Handing the U.S. film biz a potential goldmine, the World Trade Organization ruled Wednesday that China is in clear violation of international trade rules by severely restricting the distribution of American films within that country.
The ruling also applies to the importation and distribution of DVDs, music, books and journals.
The WTO panel findings came in response to a complaint filed by the U.S. Trade Representative in April 2007.
The panel did not take up the issue of China’s quota on foreign films — China allows only 20 into the country each year. And companies must currently negotiate for inclusion in the quota with China Film Group, the state-run distributor, and the powerful State Administration of Radio, Film and Television, effectively cutting them off from other Chinese distribs.

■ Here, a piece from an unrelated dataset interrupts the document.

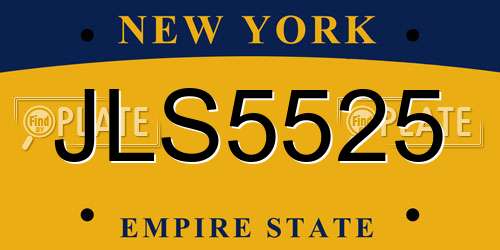 JLS5525 New York License Plate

However, Chinese officials maintained that the government doesn’t prohibit a foreign film company from approaching other distributors within China. “The Chinese system for distributing U.S. films to Chinese audiences is among the most restrictive and burdensome in the world,” Motion Picture Assn. of America chair-CEO Dan Glickman said.
“After years of pressing the Chinese to ease these burdens, it is potentially promising that the Chinese government has now, in its own words, indicated that a pathway does exist to ensure that U.S. films are treated in a more evenhanded manner and more in line with accepted commercial practice,” Glickman said.

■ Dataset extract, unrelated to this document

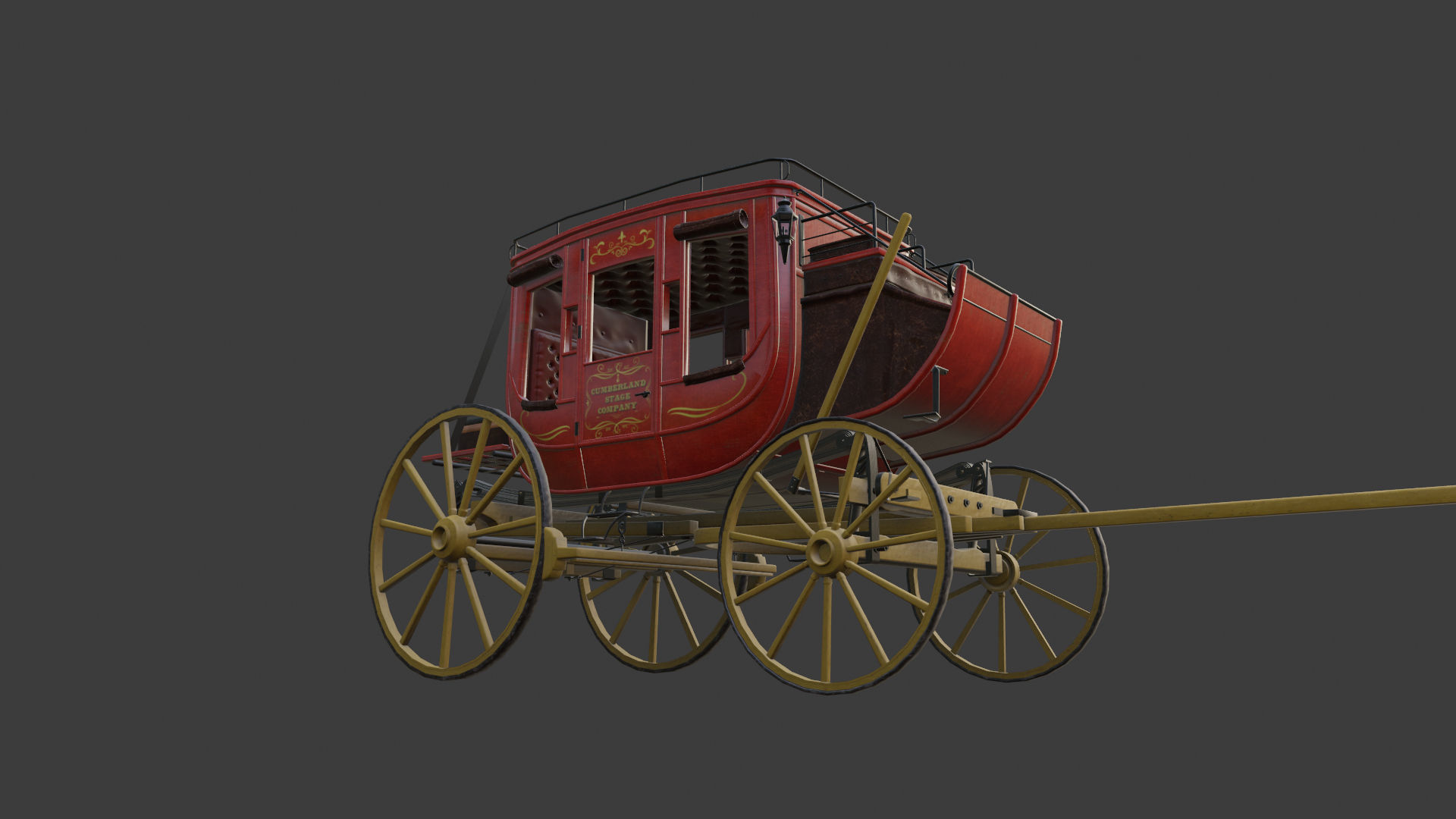 Antique Wood Wagons 3D model_4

Studios and indie producers said the ruling could go a long way toward creating competition for distribution within China for foreign films and particularly big studio pics. The more distributors there are, the more demand there will be for product.
An official with the Office of U.S. Trade Representative Ron Kirk said the Obama administration will “be keenly watching China’s adherence to their obligations.”
“We’ve created an opportunity for American companies to go and talk with other distributors within China that might be well suited to distribute those films. We are taking the Chinese government at its word, and we hope they comply,” the official said.
At present, U.S. distribs have virtually no control over a movie’s run in China and are given only a loose release date. It’s also commonplace for films to be yanked from their runs at any time.
It’s not only the restrictive and discriminatory practices that impede free trade for the film biz; piracy is a rampant in China. Some observers say if there was a thriving theatrical market, piracy might decrease.
China, with its 1.3 billion population, is a potential goliath in terms of box office revenues.
Hollywood has done well by China this summer. Paramount’s “Transformers: Revenge of the Fallen” grossed $65 million in China, the largest haul outside the U.S. Other summer tentpoles that have played in China are “Harry Potter and the Half-Blood Prince,” “Ice Age: Dawn of the Dinosaurs” and “G.I. Joe: The Rise of the Cobra,” which opened last weekend.
“The WTO ruling is a big deal. China was dragged to the table, but I think they’ll have to comply,” one international studio exec said. “What’s that ancient Chinese proverb? ‘The longest journey begins with a single step.'”
China can appeal the report before it goes to the full WTO for adoption.